No final de junho, uma mulher grávida com quase nove meses de gestação foi atingida por uma bala perdida durante um tiroteio na entrada de uma favela da baixada fluminense. A bala perfurou os pulmões de seu bebê, até então absolutamente saudável, e o fez agonizar durante algumas semanas, até que não mais resistiu e morreu. A mãe a quem foi negado o direito de dar à luz seu próprio filho é brasileira, fala português, e sempre soube dos riscos de se viver em um país no qual os chefes do tráfico ditam normas, fazem leis e têm representantes em todas as esferas de governo. Diferentemente dos ingleses, para essa mãe, voltar para casa não faz com que ela se sinta segura. Ao contrário, voltar significa estar ainda mais perto daqueles que destruíram seus sonhos, suas esperanças, sua vida. Mas, que escolha ela tem?
Casos como esses ocorrem dezenas de vezes a cada dia no Brasil. Ocorrem com tanta frequência que nem damos a eles a devida atenção, a merecida repulsa, a justa indignação. Mas as vítimas que falam português, na imensa maioria das vezes, não têm a quem recorrer nem para onde voltar em segurança. O estado que deveria lhes amparar não é capaz de garantir o mínimo necessário para que elas voltem a se sentir em casa, não é capaz de lhes dar sequer a falsa sensação de que tais eventos são esporádicos e jamais voltarão a ocorrer. A maior parte de seus compatriotas apenas se degladia, de acordo com os interesses da ocasião, culpando ou eximindo de culpa o governo, a polícia, o bandido, a sociedade, o sistema ou até a própria vítima. As mesmas atitudes e interesses se repetem na cobertura que as diversas mídias procuram dar aos casos de maior visibilidade. E aqueles poucos que realmente buscam propor soluções para um problema tão crônico são massacrados pelas correntes ideológicas retrógradas, dominadas pela ditadura do “politicamente correto” ou pela truculência do “olho por (muitos) olhos”. Pobre país sem rumo…

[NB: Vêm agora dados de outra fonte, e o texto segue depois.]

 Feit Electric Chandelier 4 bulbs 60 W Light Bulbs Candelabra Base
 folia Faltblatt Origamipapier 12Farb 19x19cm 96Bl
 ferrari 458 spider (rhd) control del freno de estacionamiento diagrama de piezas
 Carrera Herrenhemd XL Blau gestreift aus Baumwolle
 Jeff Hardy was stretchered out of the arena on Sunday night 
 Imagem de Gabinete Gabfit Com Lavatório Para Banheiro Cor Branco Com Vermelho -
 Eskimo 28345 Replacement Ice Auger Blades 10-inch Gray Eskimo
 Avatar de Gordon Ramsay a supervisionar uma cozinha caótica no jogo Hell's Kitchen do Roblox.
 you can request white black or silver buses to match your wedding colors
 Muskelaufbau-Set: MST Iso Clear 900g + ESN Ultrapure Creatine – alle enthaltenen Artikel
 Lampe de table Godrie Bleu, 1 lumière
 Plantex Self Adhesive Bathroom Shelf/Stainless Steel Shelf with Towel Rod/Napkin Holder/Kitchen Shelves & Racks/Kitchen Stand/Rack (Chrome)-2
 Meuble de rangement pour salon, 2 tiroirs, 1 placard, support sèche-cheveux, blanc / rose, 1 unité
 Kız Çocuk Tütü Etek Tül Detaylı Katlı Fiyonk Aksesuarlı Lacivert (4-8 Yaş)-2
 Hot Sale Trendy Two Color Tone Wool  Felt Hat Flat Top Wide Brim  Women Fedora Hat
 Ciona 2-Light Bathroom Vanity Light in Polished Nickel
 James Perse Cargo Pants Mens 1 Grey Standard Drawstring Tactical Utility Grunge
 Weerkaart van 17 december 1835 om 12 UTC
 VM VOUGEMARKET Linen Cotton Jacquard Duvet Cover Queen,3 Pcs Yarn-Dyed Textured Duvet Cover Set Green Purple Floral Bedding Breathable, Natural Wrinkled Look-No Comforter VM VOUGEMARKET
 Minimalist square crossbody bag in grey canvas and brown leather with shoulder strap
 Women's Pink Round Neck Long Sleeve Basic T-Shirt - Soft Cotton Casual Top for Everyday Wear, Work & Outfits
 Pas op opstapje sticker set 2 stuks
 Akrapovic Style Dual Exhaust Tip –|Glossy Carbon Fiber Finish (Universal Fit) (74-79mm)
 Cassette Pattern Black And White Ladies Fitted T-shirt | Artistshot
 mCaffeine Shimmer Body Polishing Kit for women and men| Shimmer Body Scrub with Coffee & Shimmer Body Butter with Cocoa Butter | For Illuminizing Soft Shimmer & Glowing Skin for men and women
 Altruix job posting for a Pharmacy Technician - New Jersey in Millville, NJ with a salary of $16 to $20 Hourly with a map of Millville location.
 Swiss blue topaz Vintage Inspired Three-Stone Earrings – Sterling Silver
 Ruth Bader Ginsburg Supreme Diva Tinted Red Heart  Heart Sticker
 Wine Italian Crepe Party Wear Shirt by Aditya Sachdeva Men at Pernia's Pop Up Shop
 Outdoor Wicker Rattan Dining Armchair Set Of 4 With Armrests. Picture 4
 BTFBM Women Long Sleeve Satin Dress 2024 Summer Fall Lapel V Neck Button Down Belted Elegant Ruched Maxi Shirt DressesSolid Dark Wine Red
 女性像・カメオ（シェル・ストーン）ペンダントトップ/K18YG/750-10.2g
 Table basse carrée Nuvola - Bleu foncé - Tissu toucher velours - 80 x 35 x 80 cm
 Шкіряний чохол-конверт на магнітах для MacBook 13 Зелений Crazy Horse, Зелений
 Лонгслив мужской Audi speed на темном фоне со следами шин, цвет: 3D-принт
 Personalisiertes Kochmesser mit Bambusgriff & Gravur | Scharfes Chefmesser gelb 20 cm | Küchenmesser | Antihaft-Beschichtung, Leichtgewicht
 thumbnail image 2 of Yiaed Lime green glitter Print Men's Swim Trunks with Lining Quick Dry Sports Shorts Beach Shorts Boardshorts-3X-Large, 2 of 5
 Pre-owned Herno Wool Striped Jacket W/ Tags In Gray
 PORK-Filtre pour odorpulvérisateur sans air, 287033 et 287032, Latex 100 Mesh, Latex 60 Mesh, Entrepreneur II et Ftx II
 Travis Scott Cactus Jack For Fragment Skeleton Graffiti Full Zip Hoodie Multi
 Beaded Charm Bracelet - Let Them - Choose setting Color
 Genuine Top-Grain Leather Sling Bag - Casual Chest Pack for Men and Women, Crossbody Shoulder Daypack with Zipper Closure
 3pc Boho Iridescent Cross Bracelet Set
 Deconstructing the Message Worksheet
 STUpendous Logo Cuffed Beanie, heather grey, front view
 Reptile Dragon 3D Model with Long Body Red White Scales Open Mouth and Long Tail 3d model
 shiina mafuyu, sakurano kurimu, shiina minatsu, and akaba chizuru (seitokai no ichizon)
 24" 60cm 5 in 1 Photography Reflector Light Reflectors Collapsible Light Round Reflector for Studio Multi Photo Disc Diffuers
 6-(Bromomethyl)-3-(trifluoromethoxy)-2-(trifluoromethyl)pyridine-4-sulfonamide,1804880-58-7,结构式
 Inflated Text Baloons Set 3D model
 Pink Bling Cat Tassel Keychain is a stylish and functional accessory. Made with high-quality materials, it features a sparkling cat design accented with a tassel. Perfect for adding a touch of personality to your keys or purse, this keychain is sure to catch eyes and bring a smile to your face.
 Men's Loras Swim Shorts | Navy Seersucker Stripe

Enquanto isso, a vítima que tem a sorte de sobreviver e de voltar pra casa, continua sendo desamparadamente identificada, catalogada e transformada em números estatísticos ou em reportagens de televisão, ao mesmo tempo em que lamenta, cada vez mais, sua capacidade de entender tudo o que os demais brasileiros dizem a seu respeito!